In fiscal 2014, the Remuneration Committee, as an advisory body to the Board of Directors in which external directors account for one half or more of its members, was established in order to enhance transparency and objectivity in determining director compensation, etc. In fiscal 2016, the same committee was given functions as an advisory body concerning nomination of directors, and was then reorganized to become the current Remuneration and Nomination Advisory Committee.

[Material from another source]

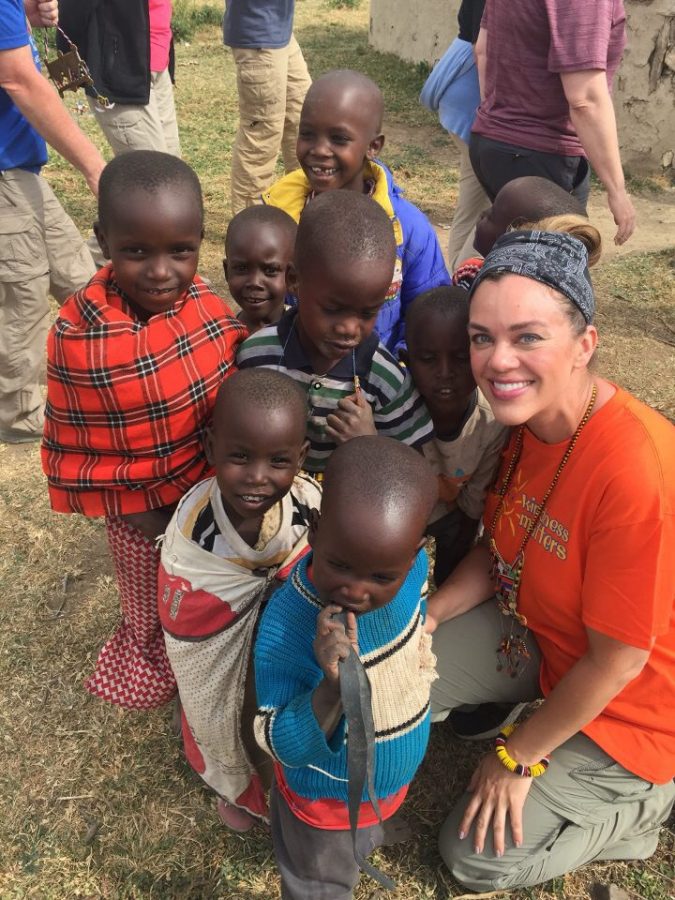Assistant Principal Alicia Eichhorn poses with children in Kenya over the summer.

Remuneration and Nomination Advisory Committee Held four times every year
Fiscal year in which the committee was convened Matters deliberated
2016 The first committee ・Determination of the amount of director bonus for fiscal 2015
The second committee ・Transition to Remuneration and Nomination Advisory Committee
・Succession plan for fiscal 2016
・Director compensation for fiscal 2016
・Compensation to overseas CEO
The third committee ・Market data on director compensation for fiscal 2016
・Estimates of variable compensation expected for fiscal
The fourth committee ・Report of results of executive assessment for executives and CS as well as 360-degree survey
2017 The first committee ・Determination of the amount of director bonus for fiscal 2016
・New appointment and reappointment of directors in fiscal 2017
The second committee ・Members of Remuneration and Nomination Advisory Committee in fiscal 2017
・Director compensation for fiscal 2017
・Business performance indicators for fiscal 2017
Director compensation
Category of directors Total amount of compensation, etc.
(million yen)
Total amount of compensation, etc. by type (million yen) Number of eligible directors (persons)
Basic remuneration Stock options Bonus
Directors
(excluding audit and supervisory committee members)*
309 176 19 113 7
Auditors, directors
(audit and supervisory committee members)*
25 25 - - 3
External directors 48 48 - - 6

* Excluding external directors
Our company transitioned to a corporate structure with an audit and supervisory committee as of March 25, 2016.